Data and Codes for "A Study on Optimal Release Schedule for Multi-Version Software"
This repository includes the R programming codes for evaluating the Cost and Goodness-of-fit of Multi-Version SRGMs for the following paper:
Huang YS*, Fang CC, Chou CH, Tseng ZL, A Study on Optimal Release Schedule for Multi-Version Software. INFORMS Journal on Computing, 2023.
To cite this software, please cite the paper using its DOI and the software itself, using the following DOI.
@article{OptMultiVerSoft,
author = {Y.S. Huang*, C.C. Fang, C.H. Chou, and Z.L. Tseng},
publisher = {INFORMS Journal on Computing},
title = {A Study on Optimal Release Schedule for Multi-Version Software},
year = {2023},
doi = {10.1287/ijoc.2021.0141.cd},
note = {Available for download at https://github.com/INFORMSJoC/2021.0141},
}
The purpose of this repository is to share the data and codes for measuring the performance of goodness-of-fit analysis of multi-version software reliability growth models and evaluating the software testing cost under different cases.
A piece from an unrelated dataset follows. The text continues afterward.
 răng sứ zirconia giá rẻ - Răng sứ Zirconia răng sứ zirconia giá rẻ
Our motivation is to present our application so that it can be easily replicated or further research can be conducted based on the analysis presented.
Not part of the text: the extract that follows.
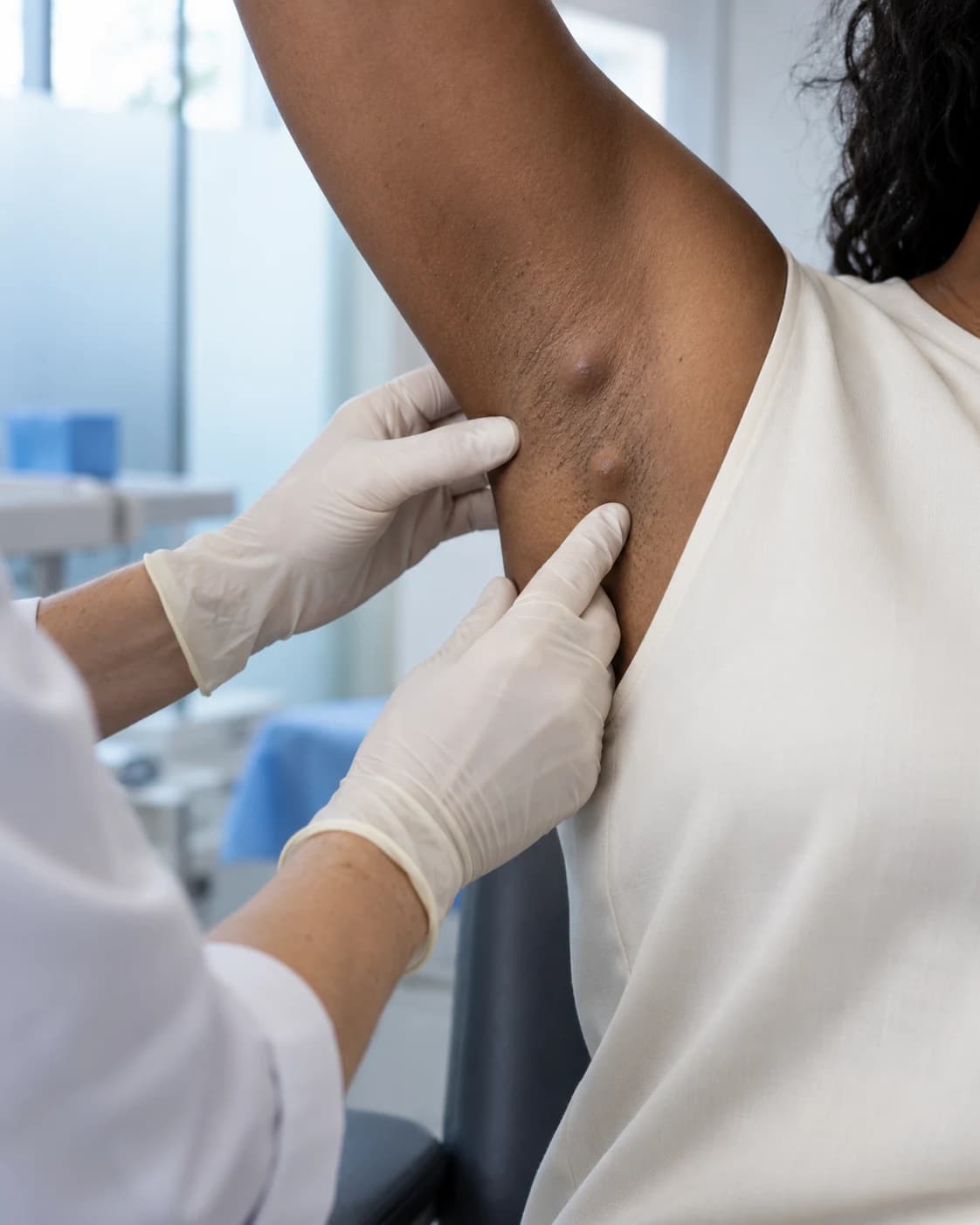 Examinarea dermatologică a unor noduli recurenți în zona axilei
There are two folders for readers’ reference. These codes were written in R programming language. The folder “GoodnessofFit” includes seven code files for obtaining the least squares estimation of the related model parameters under different testing datasets. The figures of the fitting results are also generated from these program files. The folder “CostEvaluation” includes three code files for evaluating the software testing cost under different cases. The settings of related data and parameters are also included in these program files.